The fact that Medusa and "gorgon" were both made species of monster in D&D, it is interesting that sister Euryale was made into one of the figures in of the Deck of Many Things.

The only deck that is commercially available currently, to my knowledge, is the deck in the Madness at Gardmore Abbey.  It has the best art and is my favorite deck.  The Analog Games website leads one to believe that their deck will be available eventually to others than the original KS supporters, but that has not happened yet.  I do love their size and the design on the back of the cards, though I find the quality of the illustrations on the faces inconsistent.  They will probably be my default use deck, since I want to keep William O'Connor's wonderful cards (pictured below) in good shape for years to come.  Finally, I have the Dragon magazine deck from years ago.  It's the devil to try to trim those to the same size.  That deck is available in online versions here and here.  (A variant version for Labyrinth Lord using the Tarot is available here.)  It certainly seems like Wizards could do more with the Deck of Many Things than they have heretofore.  Tarokka made a nice bit of Ravenloft ambience, and canny Paizo made the best of both ideas in the creation of their Harrow cards.  UPDATED! Analog has created an online Deck of Many Things, here  (8/24/2014).


As rules for using the deck now stand, drawing Euryale is bad luck indeed:  One is cursed to a -1 penalty on all saving throws thenceforward.

Let's take all of this material back to the question of who Euryale is.  She is one of three sisters, who, according to disparate sources, were either human and divine or semi-divine.  These sisters are involved in a conflict with a goddess, and they get the short end of the stick: they are turned into monsters.  These monsters are given a variety of appearances even in the antique mythology of Earth, before D&D turned Medusa into the iconic female snake monster that she is and her species into the bull monster.  I recommend making hay from this mistake.  Nobody who is not Greek can really say Stheno anyway.  Make the sisters Medusa, Euryale, and Gorgon.  Two sisters then were punished by being made eponymous progenitors of the medusas and the gorgons.  What happened to the third?  Why were they punished and by whom?  The answers are in the cards.

Think first about what he cards do.  They change the player-character's life drastically and magically, merely by being pulled.  They bring weal and they bring woe.  They can cause a major change of identity or even bring death.  The magic of the deck fits the classical theme of metamorphosis, as does the different depictions of the forms of the three sisters and their punitive transformations.

Euryale is the person behind the deck: she either escaped punishment and retained her individuality or she was literally made into the magic that imbues the DoMT.  But the Fates are also represented.  The magic of the deck itself could be taken as an affront to the Fates, so now I know how I will interpret the conflict.
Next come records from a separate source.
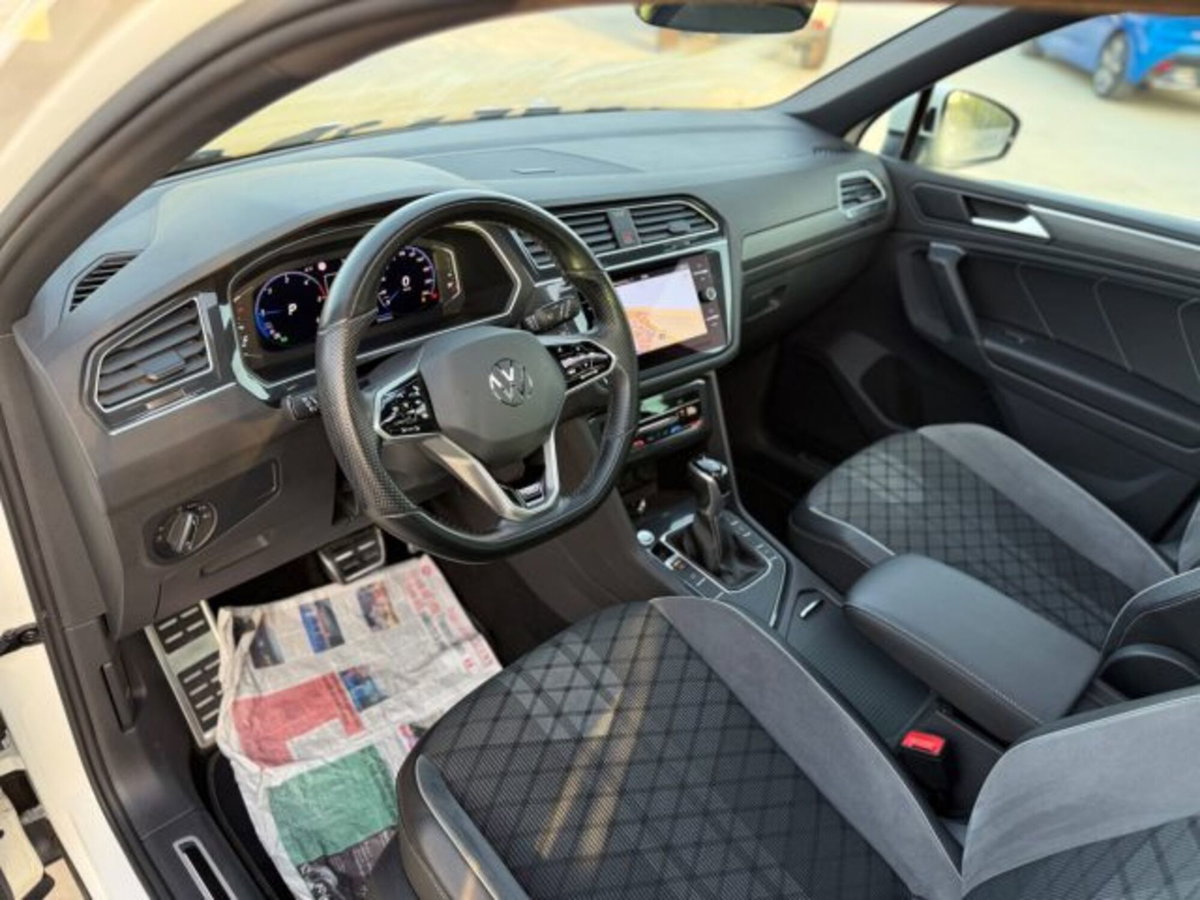 Volkswagen Tiguan 2.0 tdi R-Line 150cv dsg (17)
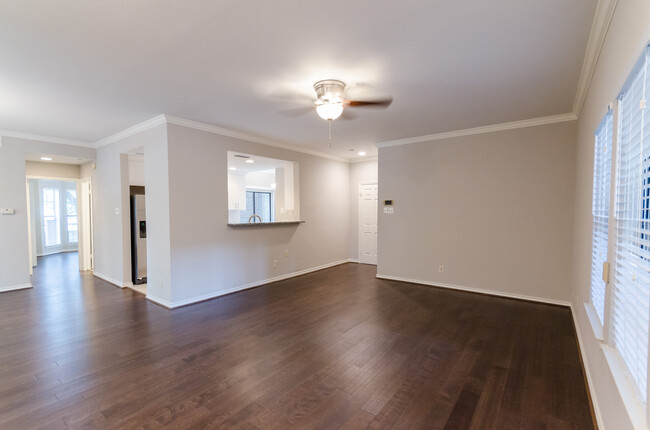 Main living area - 8610 Turtle Creek Blvd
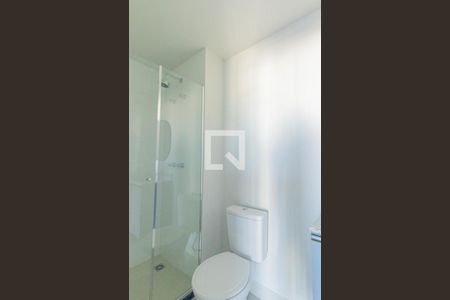 Banheiro Social de kitnet/studio para alugar com 1 quarto, 29m² em Água Verde, Curitiba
Euryale was a goddess or a sibyl.  She lead her sisters in a challenge against the Fates: three sisters against three sisters.  Maybe they are Promethean figures seeking to weaken Fates' grasp on humanity, as this would limit the effectiveness of the cards to mortals.  They were defeated by the Fates and these goddesses punished them and made them monsters, that is, signs or portents that disrupt the natural order as evidence of divine displeasure.  The message: Don't Mess with fate/the Fates.

However, there are still these magical decks around, messing with fate.  Those three sisters now look like a coven that had some success in their struggle against the Fates. Perhaps there was ritual sacrifice, and the two sisters lost powered Euryale's ascension to a level of divine power that allowed her to escape the full punishment and she now serves as the power and patron of these decks.  All the Fates could do was harness the fate of two of the sisters and make them monsters to serve them in the ongoing struggle against Euryale.  Perhaps she herself was sacrificed or punished as well, and she only lives on as a divine vestige in the cards. With these background ideas to play with, I know have ways of working the cards into the mythology of the setting that I create for the game.  I would develop the cards not as background for the world.  All of this needs to matter for character interaction.  Perhaps the rules need to be expanded for the cards as well, so that each card could have a negative as well as a positive outcome in the undoing of fate's decrees.  Magic may circumvent fate, but that does not mean one can predict whether it will do so in ways that ultimately match one's desires.  The Fates are relentless, however. Wherever these cards have appeared, they are often accompanied by the resultant medusas and gorgons who are either attempting to keep mortals from the cards or are trying to recover cards that have fallen into mortal hands.

Where could you get more ideas to flesh out Euryale?  First, follow the links above for more historic mythical material.  Next, for a sympathetic treatment of Euryale as a female character, Kara Dalkey's historical Roman fantasy may be bought here.  It's enjoyable, but not mind-blowing; I give it a solid B.  (The cover on the Juno reprint of the novel above left is certainly preferable to the original on my Ace copy.  Who is that supposed to be, anyway?  Athena?  It certainly can't be Euryale.)

I wonder how fellow ramblers have adapted the deck to their own world-building or house-ruling.  I'd love to hear about that as well as reactions to my vision of Euryale's Deck of Magical Metamorphosis.